→ **Your instructions**: The task calls for an exact retyping of the lines from the one holding "Наволочка сатин 22-1278 Halcyon 40x60 см мульти MirSon Наволочка" through the end of the listing, with pictures omitted and nothing added.
Given data Start Marker
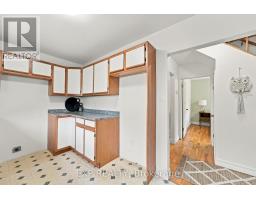 724 Mckellar Street, Peterborough, ON K9J1R3 Photo 14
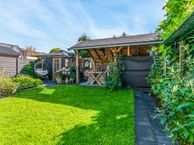 Nieuweweg 13 b, 1674 PL Opperdoes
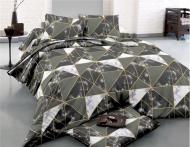 Наволочка сатин 22-1278 Halcyon 40x60 см мульти MirSon Наволочка сатин 22-1278 Halcyon 40x60 см мульти MirSon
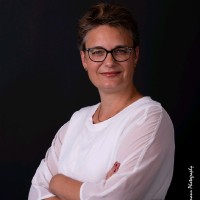 Diana Dibbets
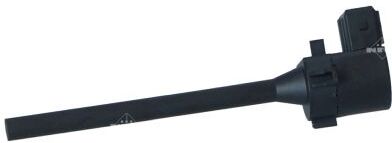 Nrf Sensor, Kühlmittelstand 453002 Für Daf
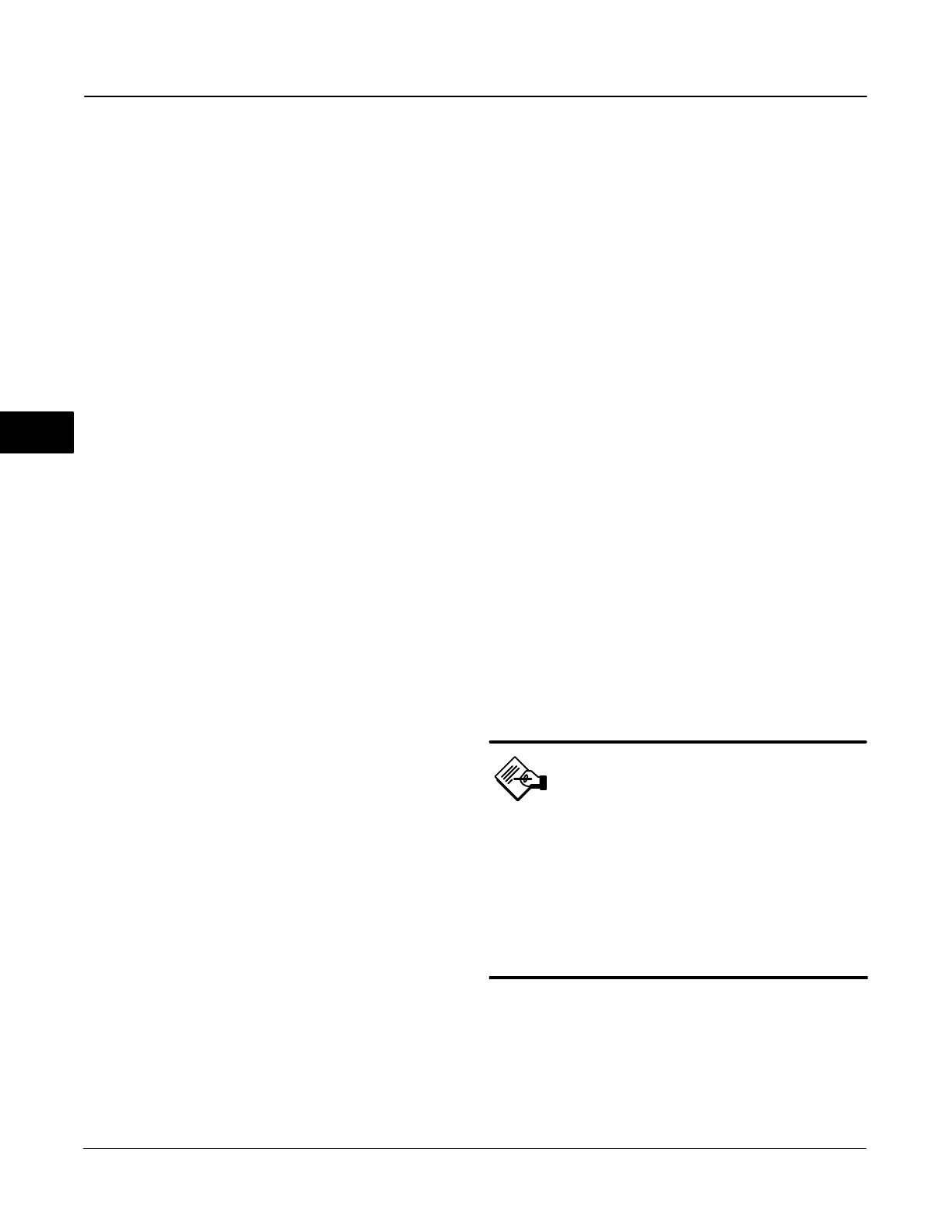 Page #136 background image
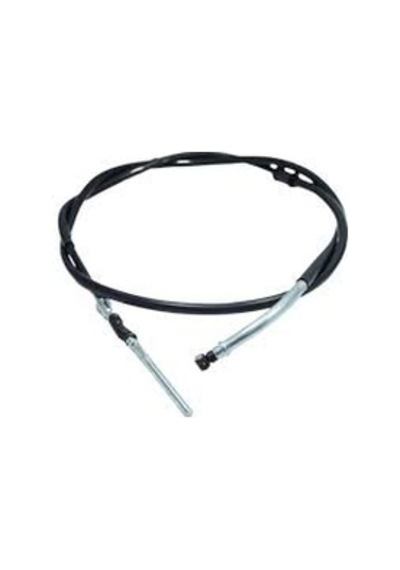 Honda Pcx 125 2014 - 2017 Uyumlu Arka Fren Teli Uzun Oem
Given data End Marker
→ **Result of this task**:
 Наволочка сатин 22-1278 Halcyon 40x60 см мульти MirSon Наволочка сатин 22-1278 Halcyon 40x60 см мульти MirSon
 Diana Dibbets
 Nrf Sensor, Kühlmittelstand 453002 Für Daf
 Page #136 background image
 Honda Pcx 125 2014 - 2017 Uyumlu Arka Fren Teli Uzun Oem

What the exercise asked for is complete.